Most of the tort law in Australia exists in common law. In other words, they are found in judgements and precedents formed in the courts. Some torts, however, have been codified in and modified by legislation. In recent years both Federal and State governments have passed legislation that regulates civil action for various torts, such as negligence and defamation. Most Australian jurisdictions have also passed ‘limitation of actions’ legislation. These statutes outline time limitations for launching specific types of legal action, such as six years for property damage cases. If the plaintiff does not launch action in this timeframe then the legal basis for their claim is extinguished.

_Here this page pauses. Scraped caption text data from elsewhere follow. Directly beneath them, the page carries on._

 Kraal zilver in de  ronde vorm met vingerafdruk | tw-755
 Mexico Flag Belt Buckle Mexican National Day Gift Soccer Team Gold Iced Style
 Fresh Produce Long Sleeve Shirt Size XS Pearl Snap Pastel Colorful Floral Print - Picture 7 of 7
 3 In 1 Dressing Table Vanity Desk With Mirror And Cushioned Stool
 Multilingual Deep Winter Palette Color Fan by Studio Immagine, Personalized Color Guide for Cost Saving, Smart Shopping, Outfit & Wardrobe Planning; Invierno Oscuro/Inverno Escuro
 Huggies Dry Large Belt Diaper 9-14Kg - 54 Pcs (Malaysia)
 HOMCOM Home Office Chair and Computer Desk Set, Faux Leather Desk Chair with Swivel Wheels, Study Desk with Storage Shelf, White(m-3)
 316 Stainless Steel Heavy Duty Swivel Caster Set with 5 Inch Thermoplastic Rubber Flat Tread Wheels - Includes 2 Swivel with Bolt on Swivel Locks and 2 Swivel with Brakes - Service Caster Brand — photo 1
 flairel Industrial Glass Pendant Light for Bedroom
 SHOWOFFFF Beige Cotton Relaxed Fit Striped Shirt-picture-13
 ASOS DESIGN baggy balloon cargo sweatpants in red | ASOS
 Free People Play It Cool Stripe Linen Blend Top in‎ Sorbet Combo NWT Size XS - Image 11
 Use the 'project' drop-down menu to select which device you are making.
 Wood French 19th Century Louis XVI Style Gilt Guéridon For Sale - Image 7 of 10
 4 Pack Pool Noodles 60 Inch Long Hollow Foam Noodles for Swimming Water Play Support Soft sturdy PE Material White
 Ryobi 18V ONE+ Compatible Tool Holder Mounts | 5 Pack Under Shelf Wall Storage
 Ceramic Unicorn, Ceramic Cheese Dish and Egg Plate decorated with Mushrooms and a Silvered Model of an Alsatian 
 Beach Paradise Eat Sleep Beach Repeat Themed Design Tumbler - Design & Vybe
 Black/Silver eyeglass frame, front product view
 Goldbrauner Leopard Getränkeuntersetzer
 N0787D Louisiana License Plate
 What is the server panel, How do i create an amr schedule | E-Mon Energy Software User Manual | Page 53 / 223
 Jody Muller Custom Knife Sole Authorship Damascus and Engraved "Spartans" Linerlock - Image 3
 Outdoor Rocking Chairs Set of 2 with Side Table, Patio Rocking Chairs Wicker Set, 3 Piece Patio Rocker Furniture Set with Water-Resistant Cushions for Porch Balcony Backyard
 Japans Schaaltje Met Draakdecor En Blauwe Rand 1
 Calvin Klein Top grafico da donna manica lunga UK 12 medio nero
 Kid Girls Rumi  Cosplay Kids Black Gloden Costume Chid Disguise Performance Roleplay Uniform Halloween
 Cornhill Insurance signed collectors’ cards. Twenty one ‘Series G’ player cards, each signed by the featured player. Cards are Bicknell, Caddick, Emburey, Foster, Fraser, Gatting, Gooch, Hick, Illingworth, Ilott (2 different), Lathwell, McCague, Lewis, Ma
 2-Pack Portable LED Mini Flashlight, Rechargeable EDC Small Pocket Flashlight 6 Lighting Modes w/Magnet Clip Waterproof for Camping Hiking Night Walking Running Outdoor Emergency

There are two types of torts: intentional torts and non-intentional torts. As the name suggests, an intentional tort is where the tortfeasor has acted deliberately and consciously to cause harm, suffering or loss. Some examples of intentional torts include:
Trespass to the person. The tort of ‘trespass to the person’ determines that individuals have the right to personal safety and security. It relates to assault, battery and false imprisonment. In Condi v. Basi (1985) the plaintiff had his leg broken after an illegal tackle in a soccer match; the judge ruled that the opposition player should have exercised a higher degree of care and awarded the plaintiff 4,900 pounds in damages.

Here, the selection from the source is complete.